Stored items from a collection

-=-=-=-=-

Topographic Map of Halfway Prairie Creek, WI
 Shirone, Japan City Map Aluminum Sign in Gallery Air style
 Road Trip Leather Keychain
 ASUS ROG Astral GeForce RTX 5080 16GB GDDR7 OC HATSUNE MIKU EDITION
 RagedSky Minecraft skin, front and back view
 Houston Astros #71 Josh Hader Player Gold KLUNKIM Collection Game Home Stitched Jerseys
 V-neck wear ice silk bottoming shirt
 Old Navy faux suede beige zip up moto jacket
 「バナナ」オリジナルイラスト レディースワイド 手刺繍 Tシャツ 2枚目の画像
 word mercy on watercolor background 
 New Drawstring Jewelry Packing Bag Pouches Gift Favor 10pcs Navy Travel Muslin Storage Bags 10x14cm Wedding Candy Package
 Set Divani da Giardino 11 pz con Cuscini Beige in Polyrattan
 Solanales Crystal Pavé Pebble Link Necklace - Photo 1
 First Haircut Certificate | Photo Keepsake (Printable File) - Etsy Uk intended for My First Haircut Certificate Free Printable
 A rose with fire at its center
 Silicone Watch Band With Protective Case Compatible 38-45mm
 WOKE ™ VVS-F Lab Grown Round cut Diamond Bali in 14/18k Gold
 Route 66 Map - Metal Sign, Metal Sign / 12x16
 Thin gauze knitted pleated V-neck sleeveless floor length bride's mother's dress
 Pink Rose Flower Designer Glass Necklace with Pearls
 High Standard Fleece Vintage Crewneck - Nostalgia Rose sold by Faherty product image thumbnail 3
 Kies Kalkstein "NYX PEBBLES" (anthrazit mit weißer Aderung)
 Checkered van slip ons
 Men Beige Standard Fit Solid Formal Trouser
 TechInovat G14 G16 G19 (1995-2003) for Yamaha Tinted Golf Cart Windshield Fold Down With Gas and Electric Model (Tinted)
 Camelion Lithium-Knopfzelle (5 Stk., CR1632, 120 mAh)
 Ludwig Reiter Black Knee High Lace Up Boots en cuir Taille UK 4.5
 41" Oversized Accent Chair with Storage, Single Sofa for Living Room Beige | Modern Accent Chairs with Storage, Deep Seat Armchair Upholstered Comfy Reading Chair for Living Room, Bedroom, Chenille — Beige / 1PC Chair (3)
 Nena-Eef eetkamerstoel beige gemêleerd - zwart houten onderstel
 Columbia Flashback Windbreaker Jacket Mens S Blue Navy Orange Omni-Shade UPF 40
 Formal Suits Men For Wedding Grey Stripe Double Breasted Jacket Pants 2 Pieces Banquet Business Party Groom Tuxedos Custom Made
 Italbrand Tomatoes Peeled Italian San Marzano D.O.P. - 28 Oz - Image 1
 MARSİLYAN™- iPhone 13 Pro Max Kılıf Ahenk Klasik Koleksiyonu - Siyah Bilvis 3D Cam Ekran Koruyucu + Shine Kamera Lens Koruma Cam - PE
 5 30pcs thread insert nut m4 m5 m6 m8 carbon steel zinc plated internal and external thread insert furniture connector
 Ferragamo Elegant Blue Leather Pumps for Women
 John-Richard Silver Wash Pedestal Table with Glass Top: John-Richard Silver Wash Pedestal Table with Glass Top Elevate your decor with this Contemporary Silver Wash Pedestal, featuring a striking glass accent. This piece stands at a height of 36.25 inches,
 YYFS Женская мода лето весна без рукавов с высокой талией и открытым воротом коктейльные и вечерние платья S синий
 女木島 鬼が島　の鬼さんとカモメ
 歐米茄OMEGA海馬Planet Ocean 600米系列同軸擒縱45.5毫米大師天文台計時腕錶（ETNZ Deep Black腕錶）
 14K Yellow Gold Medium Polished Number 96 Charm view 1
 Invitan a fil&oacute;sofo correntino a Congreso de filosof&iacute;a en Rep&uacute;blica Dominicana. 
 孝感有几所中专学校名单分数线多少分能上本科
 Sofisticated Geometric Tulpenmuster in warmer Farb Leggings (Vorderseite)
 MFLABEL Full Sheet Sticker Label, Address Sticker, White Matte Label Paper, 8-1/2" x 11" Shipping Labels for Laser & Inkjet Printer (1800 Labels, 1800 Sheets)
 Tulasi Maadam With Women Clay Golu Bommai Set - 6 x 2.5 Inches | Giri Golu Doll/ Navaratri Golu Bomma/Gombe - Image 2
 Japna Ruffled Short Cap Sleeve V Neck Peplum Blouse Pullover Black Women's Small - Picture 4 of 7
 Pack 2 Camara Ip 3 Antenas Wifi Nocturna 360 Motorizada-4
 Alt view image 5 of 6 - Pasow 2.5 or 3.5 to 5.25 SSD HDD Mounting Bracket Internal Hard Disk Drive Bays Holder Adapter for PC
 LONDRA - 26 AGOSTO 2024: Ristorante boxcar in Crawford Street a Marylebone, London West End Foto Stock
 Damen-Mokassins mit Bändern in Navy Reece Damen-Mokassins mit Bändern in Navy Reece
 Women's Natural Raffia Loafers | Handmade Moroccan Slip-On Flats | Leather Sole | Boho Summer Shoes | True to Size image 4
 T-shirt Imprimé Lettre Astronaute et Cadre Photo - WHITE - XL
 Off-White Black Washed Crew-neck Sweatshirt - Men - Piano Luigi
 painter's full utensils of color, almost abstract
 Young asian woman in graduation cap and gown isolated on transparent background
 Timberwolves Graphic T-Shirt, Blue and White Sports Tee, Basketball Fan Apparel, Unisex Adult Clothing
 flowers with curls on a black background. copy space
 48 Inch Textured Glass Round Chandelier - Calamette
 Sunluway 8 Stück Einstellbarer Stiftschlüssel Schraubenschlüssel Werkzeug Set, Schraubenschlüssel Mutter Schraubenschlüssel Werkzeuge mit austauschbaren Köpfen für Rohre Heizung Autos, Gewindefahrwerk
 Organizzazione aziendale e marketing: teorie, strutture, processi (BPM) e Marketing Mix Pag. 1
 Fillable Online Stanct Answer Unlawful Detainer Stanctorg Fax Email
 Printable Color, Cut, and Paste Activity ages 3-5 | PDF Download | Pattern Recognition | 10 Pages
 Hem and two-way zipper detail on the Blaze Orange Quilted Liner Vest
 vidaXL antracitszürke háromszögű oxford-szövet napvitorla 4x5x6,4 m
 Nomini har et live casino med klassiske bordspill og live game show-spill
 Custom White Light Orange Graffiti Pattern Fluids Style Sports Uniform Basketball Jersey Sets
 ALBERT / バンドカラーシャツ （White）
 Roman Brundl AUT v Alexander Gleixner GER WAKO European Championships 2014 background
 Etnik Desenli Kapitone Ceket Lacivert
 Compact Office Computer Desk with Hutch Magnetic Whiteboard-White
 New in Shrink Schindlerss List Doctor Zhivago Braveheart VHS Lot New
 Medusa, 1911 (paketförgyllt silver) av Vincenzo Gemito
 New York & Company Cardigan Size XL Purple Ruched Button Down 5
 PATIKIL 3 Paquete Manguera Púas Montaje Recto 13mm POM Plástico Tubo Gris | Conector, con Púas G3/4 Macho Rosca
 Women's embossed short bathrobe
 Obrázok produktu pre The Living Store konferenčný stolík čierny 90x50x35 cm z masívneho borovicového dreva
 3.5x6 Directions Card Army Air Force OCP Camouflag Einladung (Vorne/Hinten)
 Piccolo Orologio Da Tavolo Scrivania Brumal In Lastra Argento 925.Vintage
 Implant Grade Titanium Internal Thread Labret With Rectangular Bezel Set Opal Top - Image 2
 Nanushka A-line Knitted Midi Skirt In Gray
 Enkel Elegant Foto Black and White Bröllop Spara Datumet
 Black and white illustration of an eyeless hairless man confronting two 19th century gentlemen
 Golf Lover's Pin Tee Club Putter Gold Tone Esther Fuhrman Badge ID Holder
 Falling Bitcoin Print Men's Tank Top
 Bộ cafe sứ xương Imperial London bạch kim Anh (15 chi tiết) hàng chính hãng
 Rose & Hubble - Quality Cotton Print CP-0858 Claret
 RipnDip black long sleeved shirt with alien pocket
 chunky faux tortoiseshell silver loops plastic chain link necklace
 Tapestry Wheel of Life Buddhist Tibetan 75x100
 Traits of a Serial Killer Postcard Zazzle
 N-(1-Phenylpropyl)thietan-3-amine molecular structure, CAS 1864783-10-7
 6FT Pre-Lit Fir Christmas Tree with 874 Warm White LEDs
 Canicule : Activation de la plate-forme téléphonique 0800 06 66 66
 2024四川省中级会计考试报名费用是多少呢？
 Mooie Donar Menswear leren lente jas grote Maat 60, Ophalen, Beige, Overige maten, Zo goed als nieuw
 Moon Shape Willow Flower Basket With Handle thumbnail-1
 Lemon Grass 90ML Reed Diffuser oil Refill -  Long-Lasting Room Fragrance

-=-=-=-=-

### DESCRIPTION OF THE TASK
One stretch of the lines above is wanted, from the line that contains "Women's Natural Raffia" through the line that contains "Timberwolves Graphic T-Shirt, Blue". Output it exactly.

### SOLUTION
 Women's Natural Raffia Loafers | Handmade Moroccan Slip-On Flats | Leather Sole | Boho Summer Shoes | True to Size image 4
 T-shirt Imprimé Lettre Astronaute et Cadre Photo - WHITE - XL
 Off-White Black Washed Crew-neck Sweatshirt - Men - Piano Luigi
 painter's full utensils of color, almost abstract
 Young asian woman in graduation cap and gown isolated on transparent background
 Timberwolves Graphic T-Shirt, Blue and White Sports Tee, Basketball Fan Apparel, Unisex Adult Clothing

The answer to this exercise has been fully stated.